Data
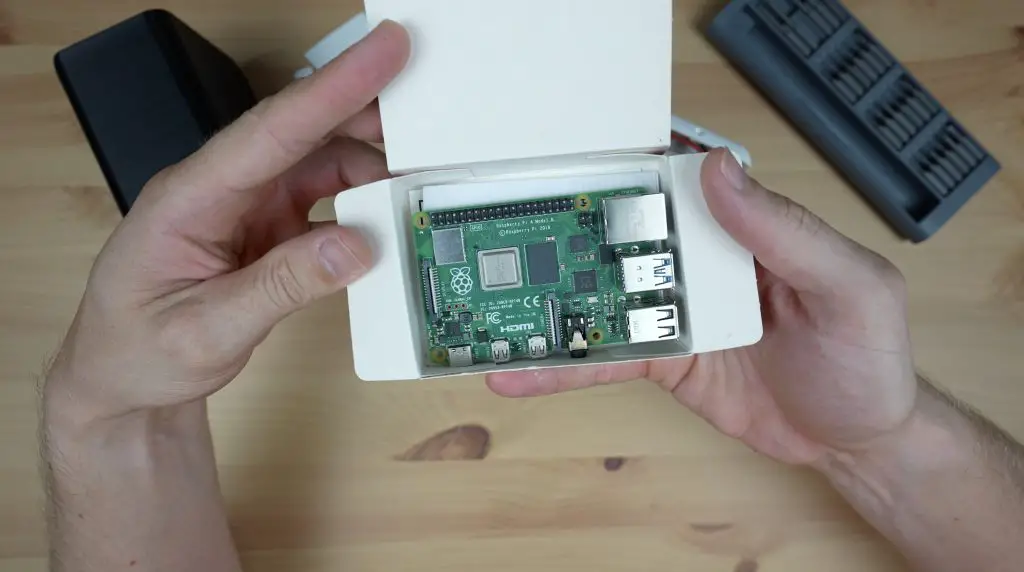 Raspberry Pi 4 Unboxing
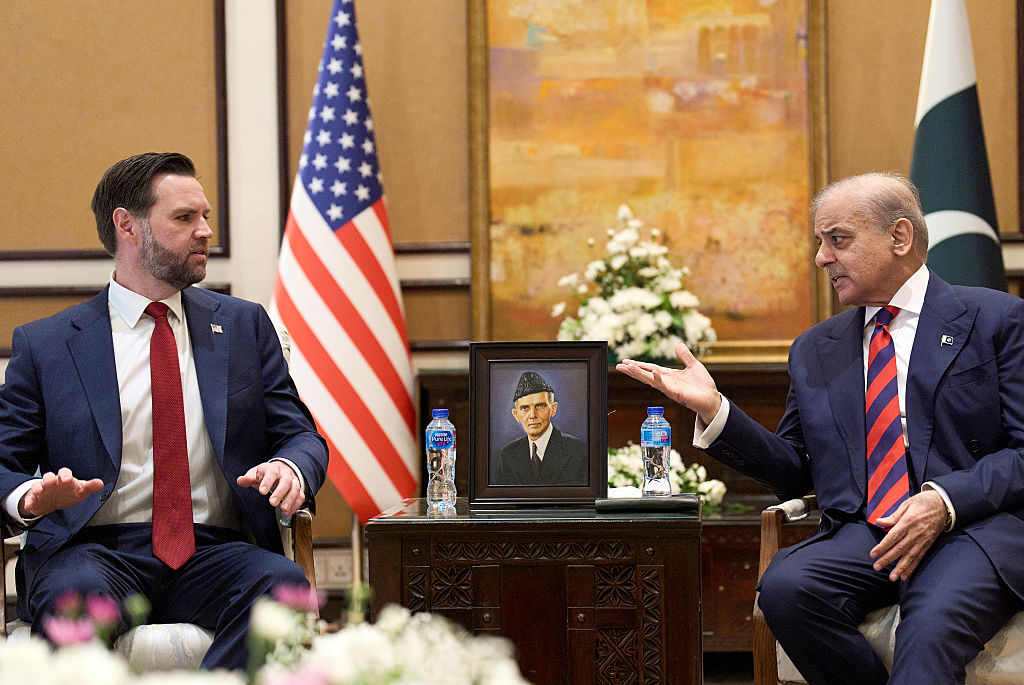 US–Iran तनाव बढ़ा, इजरायल ने युद्ध तैयारी की पुष्टि, शांति वार्ता विफल, 25 अप्रैल को दूसरी बातचीत संभावित इस्लामाबाद में।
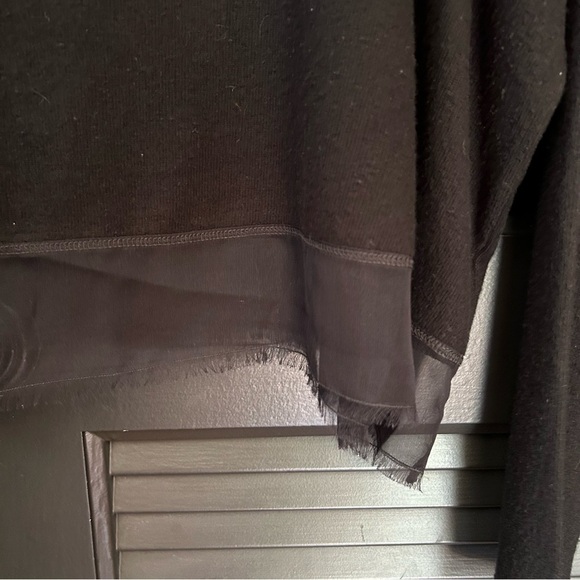 Beautiful People Black Tencel and Silk Top w/Frayed Sheer Panel Bottom, Size Med - Picture 7 of 11
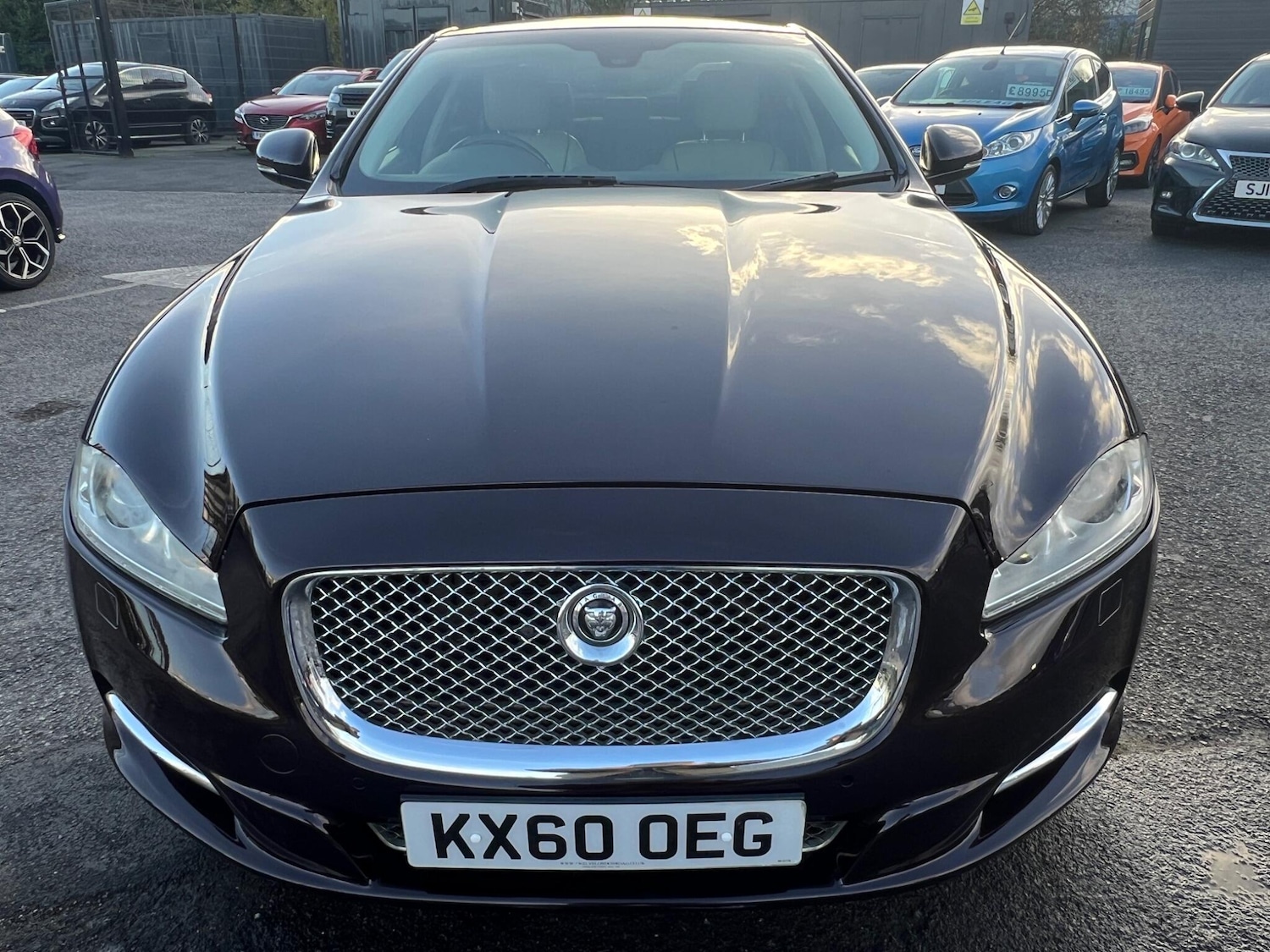 Used Jaguar XJ 2011 for sale - 77116624: Photo 3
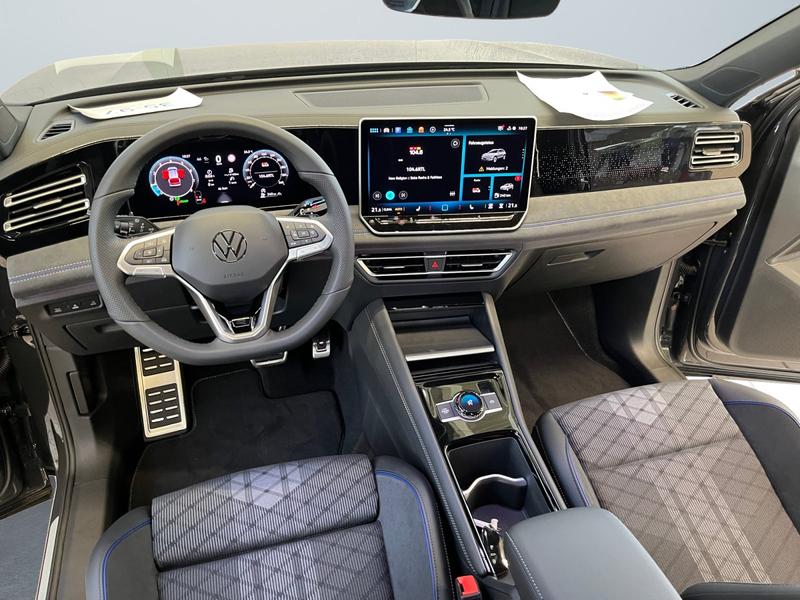 VW Tiguan · R-Line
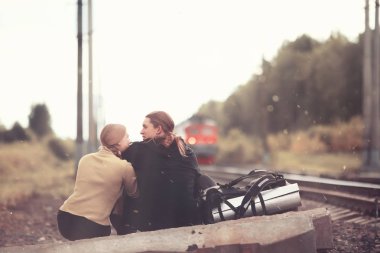 Bir sırt çantası ile yürüyerek seyahat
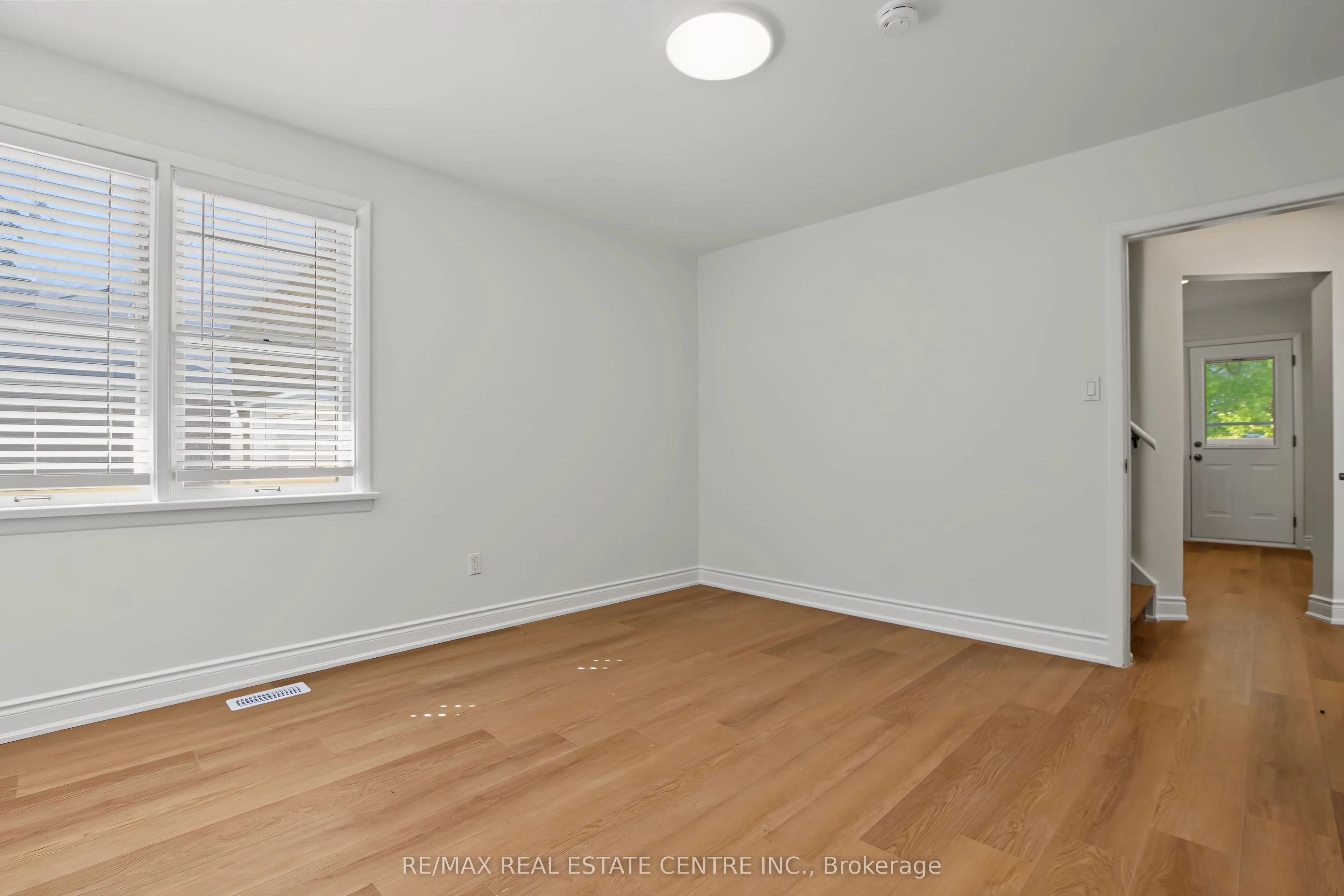 143 Elgin Crescent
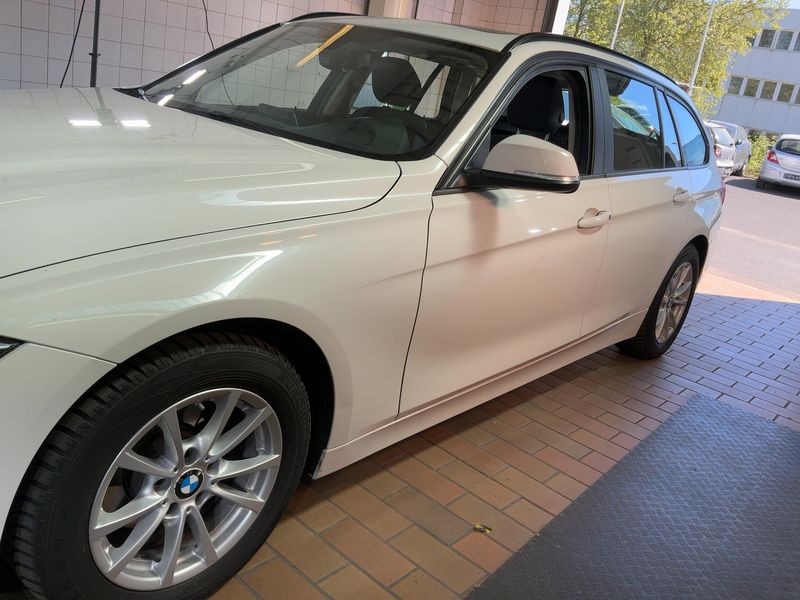 BMW 3er 320i Advantage 2018 – снимка 2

Your assignment
The whole listing above is to be repeated exactly, apart from its pictures.

Your solution
 Raspberry Pi 4 Unboxing
 US–Iran तनाव बढ़ा, इजरायल ने युद्ध तैयारी की पुष्टि, शांति वार्ता विफल, 25 अप्रैल को दूसरी बातचीत संभावित इस्लामाबाद में।
 Beautiful People Black Tencel and Silk Top w/Frayed Sheer Panel Bottom, Size Med - Picture 7 of 11
 Used Jaguar XJ 2011 for sale - 77116624: Photo 3
 VW Tiguan · R-Line
 Bir sırt çantası ile yürüyerek seyahat
 143 Elgin Crescent
 BMW 3er 320i Advantage 2018 – снимка 2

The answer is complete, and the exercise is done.